In an alternate universe somewhere, it’s the day before Pohela Boishakh (Bengali New Year, for those unfortunate ones not in the know) and I’m in my bedroom in Dhaka, picking earrings to wear with the saree I’m going to wear tomorrow. My mom is in the kitchen, making sure the bhortas are all prepped for the annual panta bhaat and ilish maach meal with family. The blouse I’m to wear tomorrow has just made it back from the tailor, must make sure to try it on unless I want to be substituting with a crop top at the last moment!
I love Pohela Boishakh. It’s my favorite festival in desh. When I was twelve or so, I wrote a whole essay about my fascination with this day. I remember writing about how it was truly a holiday for the masses, celebrated by the rich and the poor, the young and the old alike, barring no religions. While at twenty-four I see that the celebrations are never quite the same for everyone, the day still hasn’t lost its charm for me.

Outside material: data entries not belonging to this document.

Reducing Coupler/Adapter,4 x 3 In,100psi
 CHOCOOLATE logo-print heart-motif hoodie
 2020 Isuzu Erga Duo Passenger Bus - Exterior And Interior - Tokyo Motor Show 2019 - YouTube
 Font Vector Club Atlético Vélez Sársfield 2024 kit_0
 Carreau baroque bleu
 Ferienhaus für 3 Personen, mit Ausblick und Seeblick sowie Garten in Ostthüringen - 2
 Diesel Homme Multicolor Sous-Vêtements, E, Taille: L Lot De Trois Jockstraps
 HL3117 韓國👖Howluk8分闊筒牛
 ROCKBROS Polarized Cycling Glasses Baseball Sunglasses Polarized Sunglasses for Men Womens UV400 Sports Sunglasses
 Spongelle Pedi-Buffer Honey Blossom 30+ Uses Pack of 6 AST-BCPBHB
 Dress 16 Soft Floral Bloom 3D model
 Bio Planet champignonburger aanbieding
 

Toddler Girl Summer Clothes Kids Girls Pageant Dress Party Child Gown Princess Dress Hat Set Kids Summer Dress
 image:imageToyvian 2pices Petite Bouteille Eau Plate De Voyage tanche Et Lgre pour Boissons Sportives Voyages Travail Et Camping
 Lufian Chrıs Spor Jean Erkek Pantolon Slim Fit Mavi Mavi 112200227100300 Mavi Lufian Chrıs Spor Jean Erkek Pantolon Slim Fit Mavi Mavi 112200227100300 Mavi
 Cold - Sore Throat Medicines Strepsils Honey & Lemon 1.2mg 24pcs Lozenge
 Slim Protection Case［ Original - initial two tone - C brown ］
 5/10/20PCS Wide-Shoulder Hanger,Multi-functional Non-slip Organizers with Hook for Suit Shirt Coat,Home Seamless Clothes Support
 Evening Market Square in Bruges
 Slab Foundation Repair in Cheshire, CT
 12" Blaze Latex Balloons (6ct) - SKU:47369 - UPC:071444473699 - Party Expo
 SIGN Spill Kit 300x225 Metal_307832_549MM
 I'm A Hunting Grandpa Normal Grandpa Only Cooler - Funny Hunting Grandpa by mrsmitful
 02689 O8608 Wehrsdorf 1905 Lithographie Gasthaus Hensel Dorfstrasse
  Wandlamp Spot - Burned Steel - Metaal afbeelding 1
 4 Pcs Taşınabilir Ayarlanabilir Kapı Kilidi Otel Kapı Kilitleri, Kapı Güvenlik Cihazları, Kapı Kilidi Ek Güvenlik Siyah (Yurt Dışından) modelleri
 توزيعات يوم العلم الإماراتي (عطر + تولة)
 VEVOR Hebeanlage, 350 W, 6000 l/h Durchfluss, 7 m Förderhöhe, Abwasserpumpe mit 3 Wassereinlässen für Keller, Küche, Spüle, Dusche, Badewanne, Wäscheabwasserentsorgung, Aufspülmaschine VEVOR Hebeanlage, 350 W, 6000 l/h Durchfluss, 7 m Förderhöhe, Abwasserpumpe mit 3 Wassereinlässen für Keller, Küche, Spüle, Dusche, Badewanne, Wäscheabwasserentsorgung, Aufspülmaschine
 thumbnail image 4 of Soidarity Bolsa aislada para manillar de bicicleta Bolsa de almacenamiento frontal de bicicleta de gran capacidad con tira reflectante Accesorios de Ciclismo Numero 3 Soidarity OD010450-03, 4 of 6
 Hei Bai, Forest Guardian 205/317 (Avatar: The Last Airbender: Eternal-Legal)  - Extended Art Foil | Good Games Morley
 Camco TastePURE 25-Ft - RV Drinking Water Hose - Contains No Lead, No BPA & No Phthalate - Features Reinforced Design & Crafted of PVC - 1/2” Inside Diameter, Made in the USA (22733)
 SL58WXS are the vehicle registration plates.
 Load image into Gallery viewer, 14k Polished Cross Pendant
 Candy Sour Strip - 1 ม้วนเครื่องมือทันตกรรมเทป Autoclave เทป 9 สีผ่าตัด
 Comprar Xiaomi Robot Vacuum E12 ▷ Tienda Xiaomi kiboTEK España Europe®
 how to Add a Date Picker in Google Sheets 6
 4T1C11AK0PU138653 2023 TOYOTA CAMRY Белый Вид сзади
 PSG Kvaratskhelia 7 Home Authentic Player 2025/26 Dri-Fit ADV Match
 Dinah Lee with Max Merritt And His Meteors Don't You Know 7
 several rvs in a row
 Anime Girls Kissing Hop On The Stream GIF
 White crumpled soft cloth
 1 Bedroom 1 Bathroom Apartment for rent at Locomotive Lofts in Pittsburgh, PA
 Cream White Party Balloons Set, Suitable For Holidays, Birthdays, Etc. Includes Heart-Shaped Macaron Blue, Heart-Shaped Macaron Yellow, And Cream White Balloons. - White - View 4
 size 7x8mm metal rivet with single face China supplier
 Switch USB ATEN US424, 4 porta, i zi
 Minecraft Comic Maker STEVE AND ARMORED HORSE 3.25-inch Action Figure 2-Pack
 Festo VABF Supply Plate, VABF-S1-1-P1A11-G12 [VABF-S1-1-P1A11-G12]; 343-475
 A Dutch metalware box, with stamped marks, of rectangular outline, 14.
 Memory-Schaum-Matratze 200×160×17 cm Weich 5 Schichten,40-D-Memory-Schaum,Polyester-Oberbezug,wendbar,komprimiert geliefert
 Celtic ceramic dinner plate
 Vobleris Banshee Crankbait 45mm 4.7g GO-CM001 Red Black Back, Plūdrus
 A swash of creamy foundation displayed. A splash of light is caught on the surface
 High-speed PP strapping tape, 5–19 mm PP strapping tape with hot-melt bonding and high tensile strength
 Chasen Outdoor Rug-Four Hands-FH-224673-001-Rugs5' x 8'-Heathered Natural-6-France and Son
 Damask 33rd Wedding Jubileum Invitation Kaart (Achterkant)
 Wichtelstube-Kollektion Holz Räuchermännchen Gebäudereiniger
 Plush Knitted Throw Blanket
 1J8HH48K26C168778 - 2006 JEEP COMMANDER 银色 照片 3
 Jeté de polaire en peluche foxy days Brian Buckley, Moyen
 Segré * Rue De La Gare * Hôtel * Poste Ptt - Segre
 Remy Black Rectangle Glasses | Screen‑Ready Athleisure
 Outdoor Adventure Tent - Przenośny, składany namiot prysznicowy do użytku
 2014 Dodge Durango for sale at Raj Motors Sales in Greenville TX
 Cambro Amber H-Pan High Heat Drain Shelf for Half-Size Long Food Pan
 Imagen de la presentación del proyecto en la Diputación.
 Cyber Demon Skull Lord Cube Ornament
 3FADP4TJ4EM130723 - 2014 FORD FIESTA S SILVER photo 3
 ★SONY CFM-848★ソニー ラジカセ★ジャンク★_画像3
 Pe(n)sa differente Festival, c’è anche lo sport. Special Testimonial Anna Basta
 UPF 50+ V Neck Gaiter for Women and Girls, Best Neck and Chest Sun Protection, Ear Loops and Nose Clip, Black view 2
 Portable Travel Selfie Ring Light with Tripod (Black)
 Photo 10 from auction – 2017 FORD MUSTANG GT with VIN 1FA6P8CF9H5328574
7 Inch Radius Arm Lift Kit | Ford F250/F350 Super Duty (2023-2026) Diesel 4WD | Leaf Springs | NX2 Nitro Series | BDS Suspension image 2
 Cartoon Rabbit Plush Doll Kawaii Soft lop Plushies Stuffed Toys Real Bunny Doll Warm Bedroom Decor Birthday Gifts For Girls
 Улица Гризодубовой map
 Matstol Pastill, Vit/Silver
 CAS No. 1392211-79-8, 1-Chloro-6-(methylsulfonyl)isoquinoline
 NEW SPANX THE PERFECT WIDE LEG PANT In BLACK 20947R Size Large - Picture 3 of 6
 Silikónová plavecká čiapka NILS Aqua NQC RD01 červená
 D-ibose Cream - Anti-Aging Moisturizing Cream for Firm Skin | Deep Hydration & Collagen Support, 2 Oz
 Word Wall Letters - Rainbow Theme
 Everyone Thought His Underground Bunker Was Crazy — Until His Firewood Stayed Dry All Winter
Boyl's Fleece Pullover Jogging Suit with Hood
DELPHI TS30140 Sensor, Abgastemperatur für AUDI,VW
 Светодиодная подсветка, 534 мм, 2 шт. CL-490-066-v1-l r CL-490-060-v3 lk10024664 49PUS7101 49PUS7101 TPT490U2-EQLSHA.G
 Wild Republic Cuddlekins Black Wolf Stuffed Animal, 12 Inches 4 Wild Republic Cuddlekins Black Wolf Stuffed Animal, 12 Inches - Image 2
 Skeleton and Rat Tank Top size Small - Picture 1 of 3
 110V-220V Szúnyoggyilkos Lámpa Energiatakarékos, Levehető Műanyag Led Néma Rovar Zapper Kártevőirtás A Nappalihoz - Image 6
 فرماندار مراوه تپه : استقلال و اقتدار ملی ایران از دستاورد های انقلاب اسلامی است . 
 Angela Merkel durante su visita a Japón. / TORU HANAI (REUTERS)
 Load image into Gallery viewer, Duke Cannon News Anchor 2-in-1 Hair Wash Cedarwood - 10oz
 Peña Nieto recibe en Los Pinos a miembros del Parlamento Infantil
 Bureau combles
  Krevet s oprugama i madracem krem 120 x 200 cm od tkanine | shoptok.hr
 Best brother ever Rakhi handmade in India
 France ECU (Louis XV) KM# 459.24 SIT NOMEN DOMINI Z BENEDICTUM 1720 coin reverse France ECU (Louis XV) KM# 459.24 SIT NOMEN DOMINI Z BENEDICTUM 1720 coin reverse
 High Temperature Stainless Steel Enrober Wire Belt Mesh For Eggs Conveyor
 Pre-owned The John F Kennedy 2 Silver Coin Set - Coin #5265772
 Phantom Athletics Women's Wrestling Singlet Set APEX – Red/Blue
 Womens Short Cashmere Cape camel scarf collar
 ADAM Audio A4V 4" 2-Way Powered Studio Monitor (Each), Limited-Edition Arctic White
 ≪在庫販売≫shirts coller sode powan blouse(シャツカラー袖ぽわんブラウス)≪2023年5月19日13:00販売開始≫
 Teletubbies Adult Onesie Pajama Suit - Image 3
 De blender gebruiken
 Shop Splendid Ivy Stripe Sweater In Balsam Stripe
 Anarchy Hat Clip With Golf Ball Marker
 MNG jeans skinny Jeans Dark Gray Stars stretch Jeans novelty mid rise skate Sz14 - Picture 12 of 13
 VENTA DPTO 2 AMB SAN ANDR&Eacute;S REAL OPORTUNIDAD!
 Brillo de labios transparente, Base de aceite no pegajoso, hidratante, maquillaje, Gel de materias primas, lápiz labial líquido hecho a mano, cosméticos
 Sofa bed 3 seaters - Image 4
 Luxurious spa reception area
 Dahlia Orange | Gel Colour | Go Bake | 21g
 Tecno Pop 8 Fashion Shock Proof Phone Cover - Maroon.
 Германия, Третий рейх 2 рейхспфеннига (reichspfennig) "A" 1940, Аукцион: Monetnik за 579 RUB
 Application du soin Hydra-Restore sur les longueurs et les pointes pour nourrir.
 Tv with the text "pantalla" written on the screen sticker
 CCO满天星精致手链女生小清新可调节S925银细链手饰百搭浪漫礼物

I haven’t been to a Boishakhi mela at my school (also known as the CGS Charity Carnival) for six years now, yet the news that there won’t be one this year (and quite rightly so) makes me sad. Planning carnival outfits with my best friends, sampling snacks from our friends’ stalls, watching the more artistically gifted ones of us apply henna on others, queuing for a ride on the nagordola, checking out the traditional musical performances being put on in the main hall, posing for countless pictures – these are some of my favorite memories from school and I can’t imagine not being able to do these things in my last year of high school, as the Class of 2020 is being forced to now.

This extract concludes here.